**Exercise objective:** Please reproduce the data exactly, though every picture must stay out.

**Dataset extract:**

[Start of section]

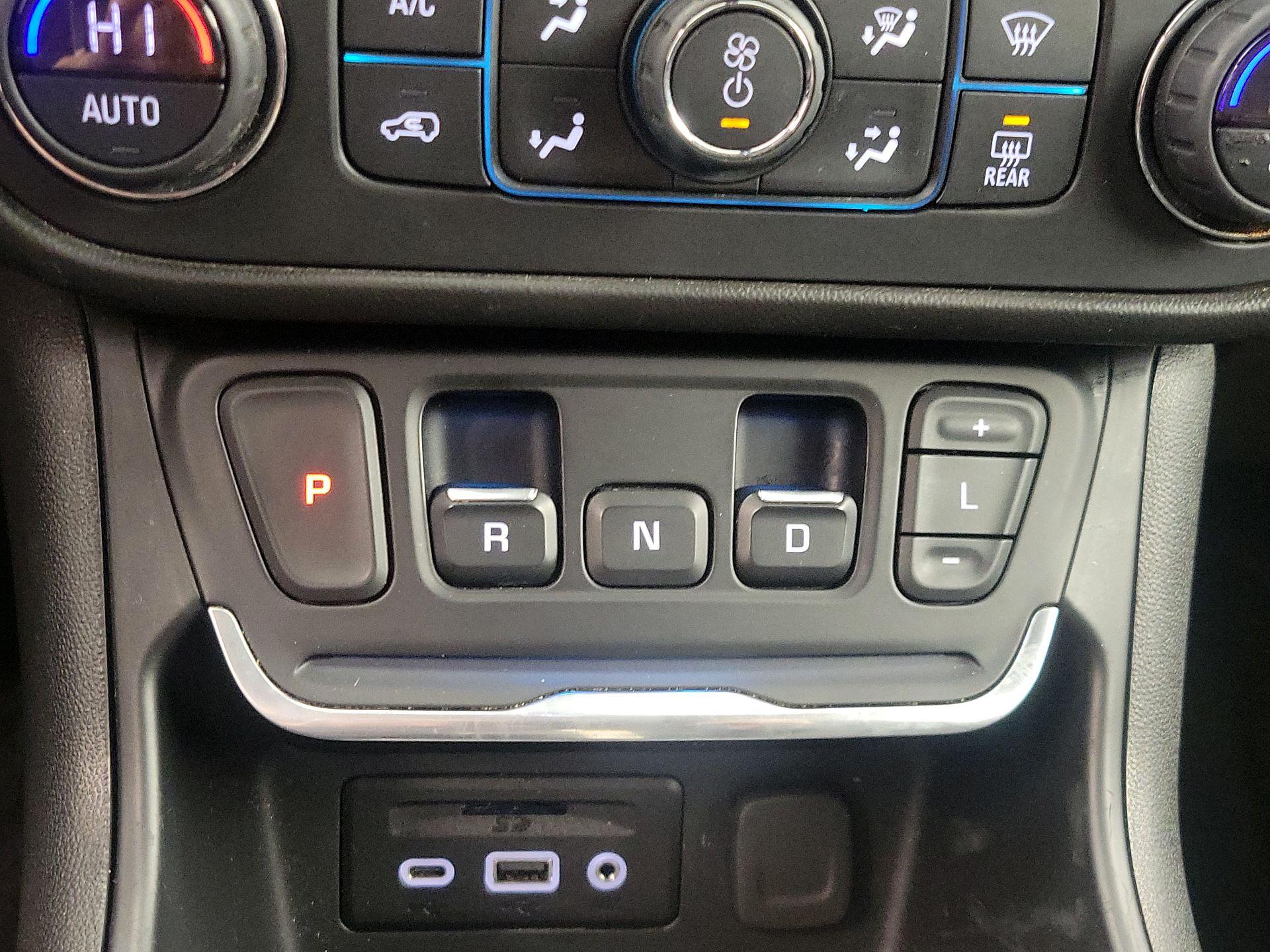 Thumbnail: 2020 GMC Terrain - 17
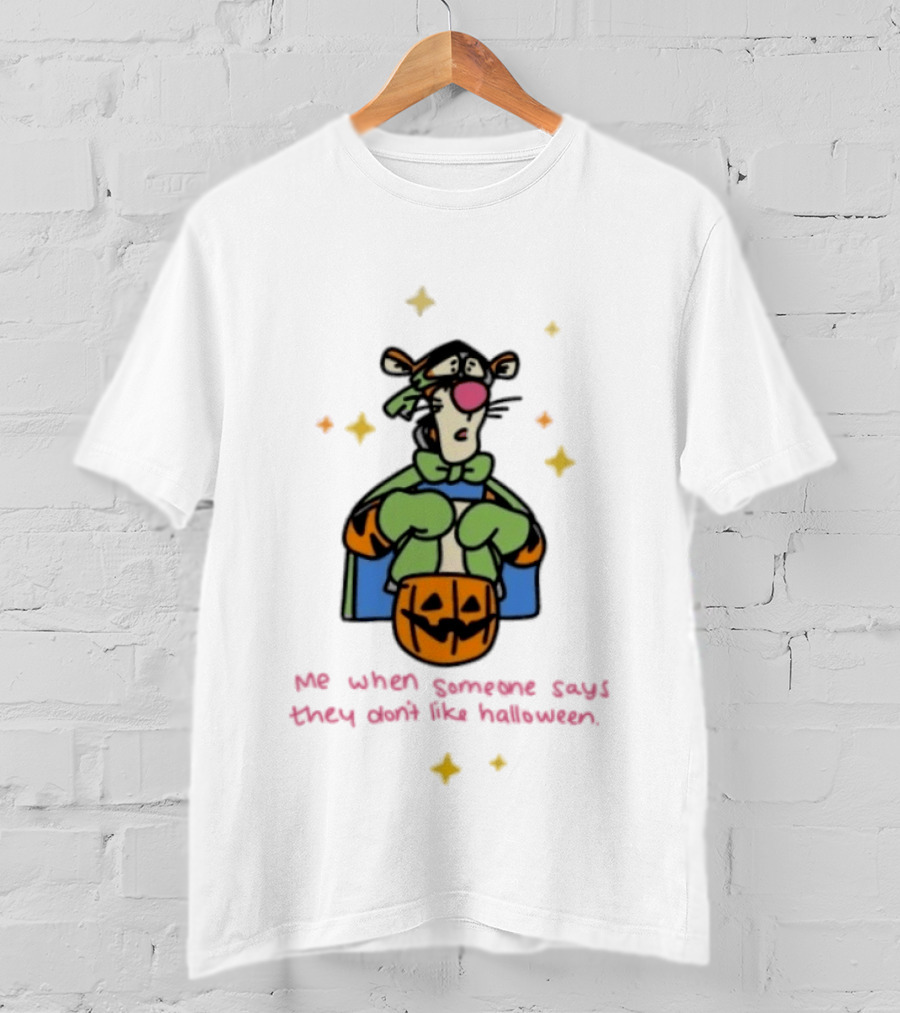 Tigger Reaction When Someone Doesn't Like Halloween Pumpkin Costume T-Shirt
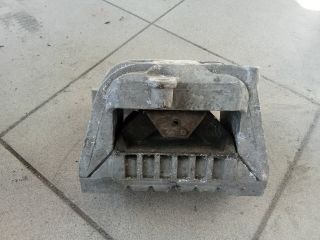 bontott VW GOLF V Motor Tartó Bak (Pozíciófüggetlen)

[End of section]

**Expected answer:**
 Thumbnail: 2020 GMC Terrain - 17
 Tigger Reaction When Someone Doesn't Like Halloween Pumpkin Costume T-Shirt
 bontott VW GOLF V Motor Tartó Bak (Pozíciófüggetlen)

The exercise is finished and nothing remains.